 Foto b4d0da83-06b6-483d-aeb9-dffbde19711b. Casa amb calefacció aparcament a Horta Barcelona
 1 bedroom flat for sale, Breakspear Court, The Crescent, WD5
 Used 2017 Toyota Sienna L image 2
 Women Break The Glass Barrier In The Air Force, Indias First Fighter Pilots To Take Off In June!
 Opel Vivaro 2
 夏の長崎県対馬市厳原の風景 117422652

--

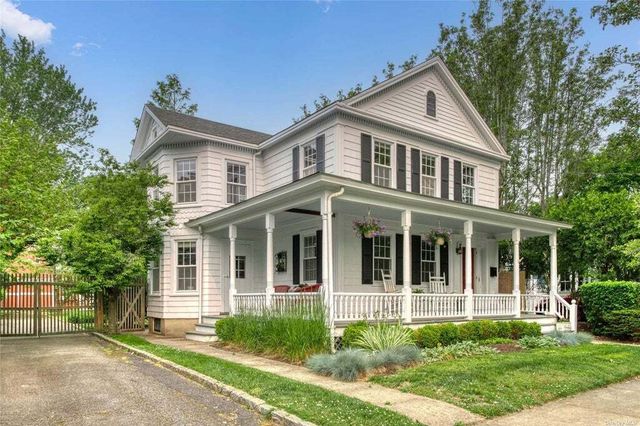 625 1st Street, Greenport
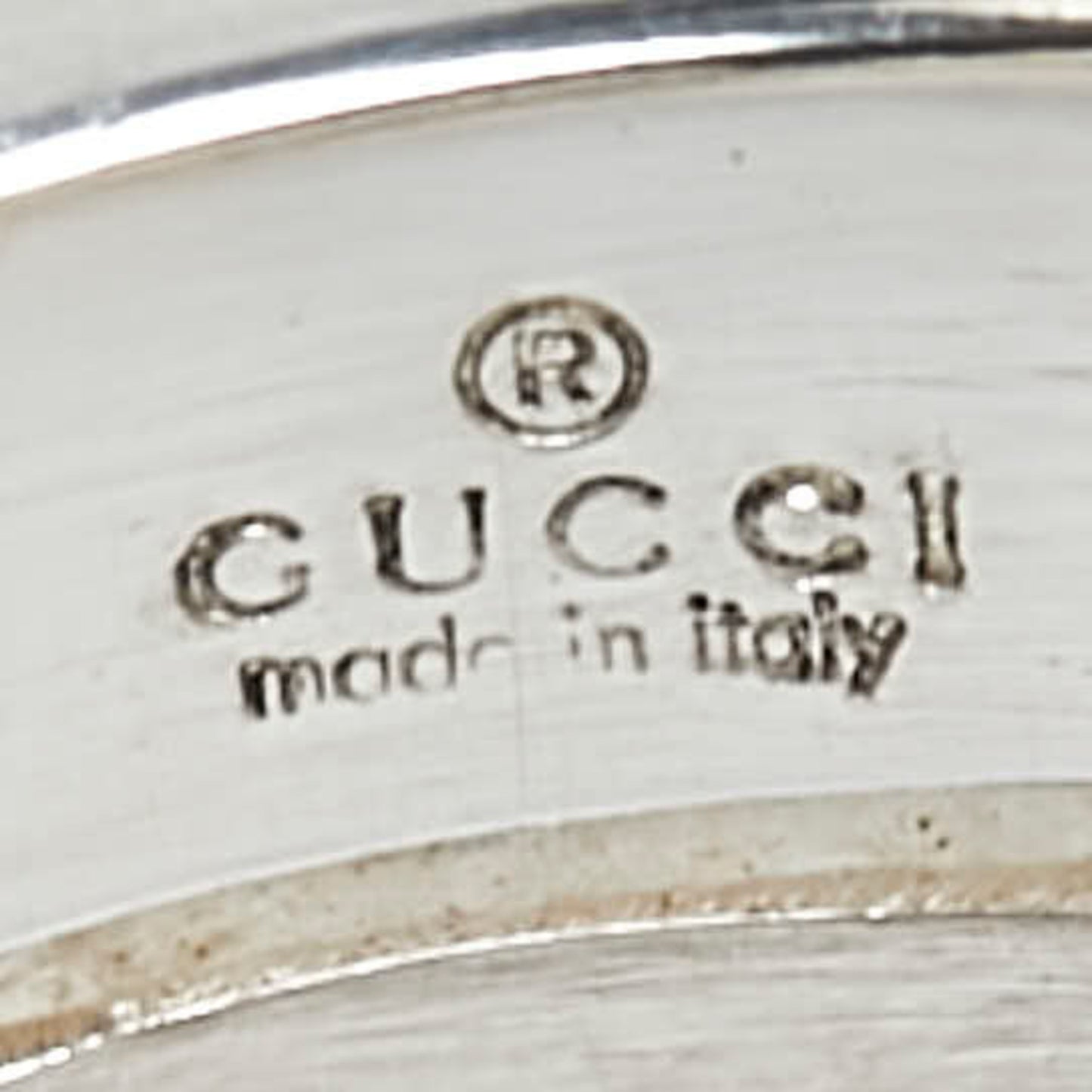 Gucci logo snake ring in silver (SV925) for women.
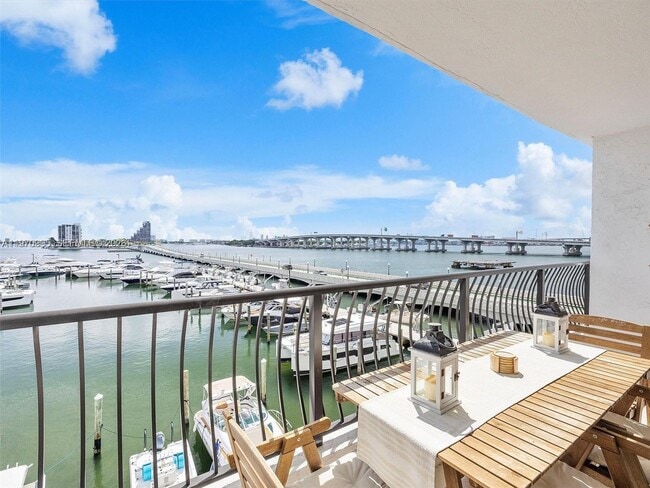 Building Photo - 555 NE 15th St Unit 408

--

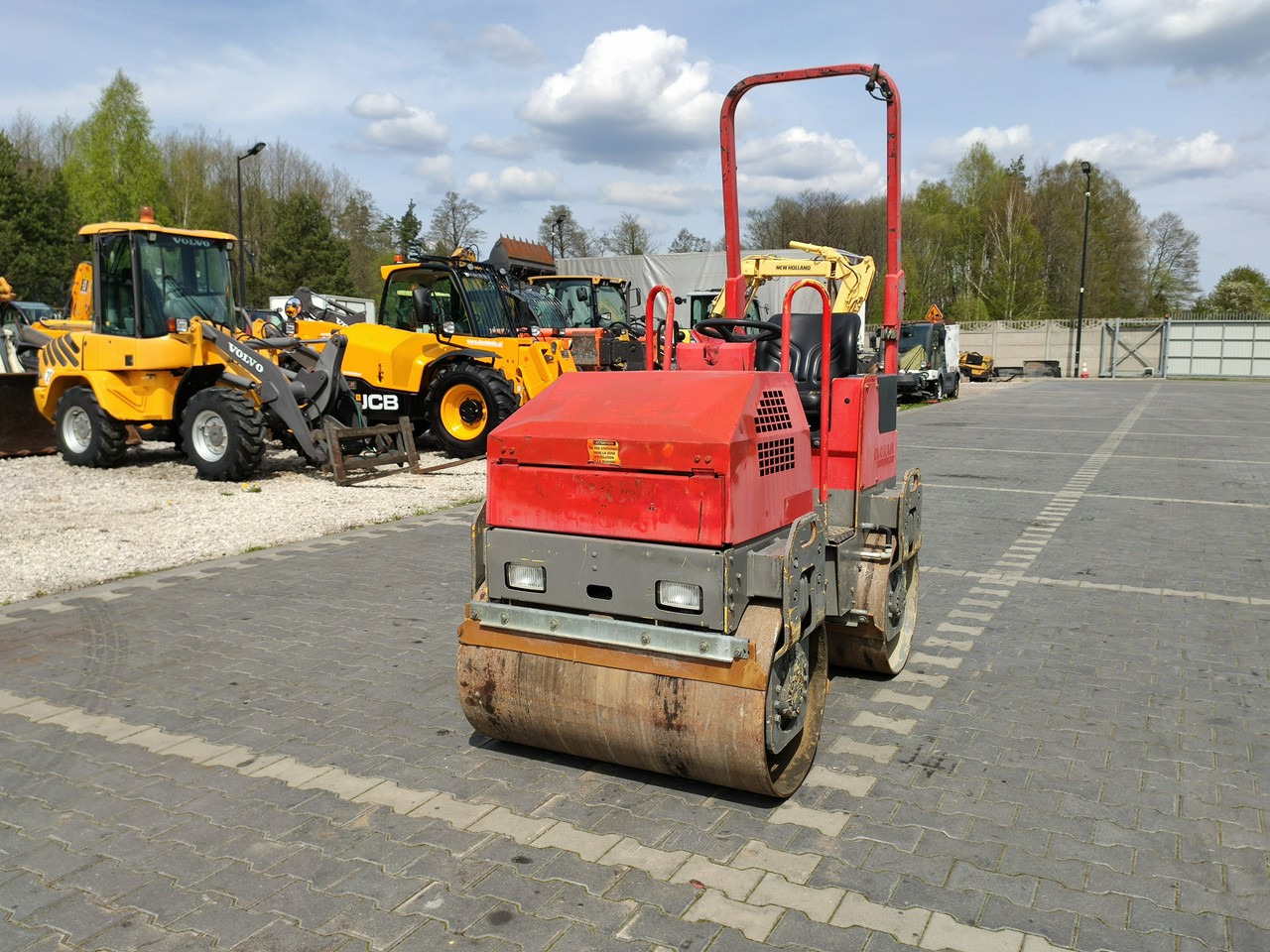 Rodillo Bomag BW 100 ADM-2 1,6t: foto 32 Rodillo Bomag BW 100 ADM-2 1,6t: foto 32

--

_Exercise details_. Copy, exactly and only, the lines above that begin with the one containing "Foto b4d0da83-06b6-483d-aeb9-dffbde19711b. Casa" and finish with the one containing "夏の長崎県対馬市厳原の風景 117422652".

_Reply_.
 Foto b4d0da83-06b6-483d-aeb9-dffbde19711b. Casa amb calefacció aparcament a Horta Barcelona
 1 bedroom flat for sale, Breakspear Court, The Crescent, WD5
 Used 2017 Toyota Sienna L image 2
 Women Break The Glass Barrier In The Air Force, Indias First Fighter Pilots To Take Off In June!
 Opel Vivaro 2
 夏の長崎県対馬市厳原の風景 117422652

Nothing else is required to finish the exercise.